That was my first understanding of burial, not just as a physical act, but as an emotional and spiritual turning point. The moment we accept that something—or someone—can’t come with us. That no matter how much we love them, or how much they once loved us, holding on will only hold us back.

I miss him every day.

Burial, in the context of this post, is about making peace with what has ended. It’s recognizing that to move forward, to truly live, we have to bury what no longer serves us. Not to forget it, but to honor it. To say: This mattered. This shaped me. And now, I’m letting it go.

Freedom is costly. It asks you to lay something down before you pick yourself back up. And sometimes, what we’re laying down is a version of ourselves we thought would last forever.

Memory

Memory is not loyal to the healed version of you. It’s a back-stabbing archive that doesn’t ask permission. It shows up, smiling and unannounced, dragging all the stories you swore you buried. Memory doesn’t care if you’ve moved on; it brings the whole damn past with it, fully dressed, smelling like the house you ran from and burned down.

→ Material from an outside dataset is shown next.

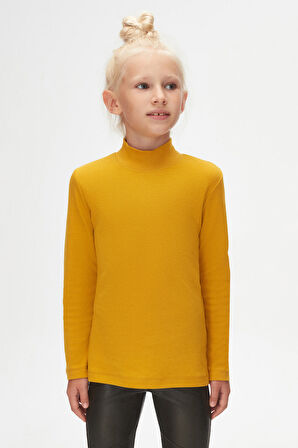 Hardal Basic Kışlık Yarım Balıkçı Yaka Uzun Kollu Kız Çocuk Tişört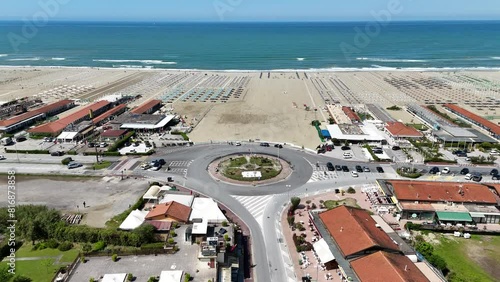 spring aerial view of the marina of Torre del Lago, municipality of Viareggio, in Tuscany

Even after you’ve burned the bridge and scattered the ashes, memory walks across water like nothing ever happened. And that’s the cruel part: you can be free and still haunted. You can cut the cords and still feel the static. Memory is stitched into the nervous system, not just the brain. And it isn’t logical—it’s sensory, emotional, and embodied.

Warning: Healing can make you homesick for the very things that hurt you.

Memory records us but doesn’t rule us. It holds what was—but it doesn’t get to decide what is. You can honor the truth of your past without living inside it. And you can carry the lesson without reliving the wound.

Still, it’s not undeviating. Some days you’ll feel clean. Other days, memory will drag mud across your progress and call it “just checking in.” And when that happens, don’t shame yourself for remembering. You survived by remembering where the pain lived. By anticipating danger. By reading every room like it could turn on you. That was intelligence. That was protection.

But you’re not in that room anymore.

So when memory shows up, you get to speak back. You get to remind it: We’re not there. We’re not that. We made it out. You don’t have to forget to be free. You just have to stop bowing to the altar of what broke you.

Freedom

No one tells you that freedom has a body count. That in the process of reclaiming yourself, you will lose people you once begged to stay. You will bury versions of yourself that kept you alive in rooms where your spirit couldn’t breathe. You will outgrow comforts that felt like safe havens, but were really just cages with soft pillows.

Freedom isn’t always a beginning. It’s often an ending in disguise.

And before freedom can take root, the ghosts must be called out. Not to banish them—but to witness them. To say: Yes, you were real. Yes, you shaped me. But no, you don’t get to drive anymore.

Freedom anchors itself in the quiet, difficult decisions we make to maintain boundaries with our past. And it’s not the absence of pain; it’s the presence of choice. The choice to let go with love. To honor where we’ve been without letting it dictate where we’re going. The choice to breathe through the ache, stay present through the triggers, and keep walking anyway. The choice to move forward, even while carrying pieces of what was. The choice to believe that what’s ahead is still worth showing up for, despite what it’s cost you.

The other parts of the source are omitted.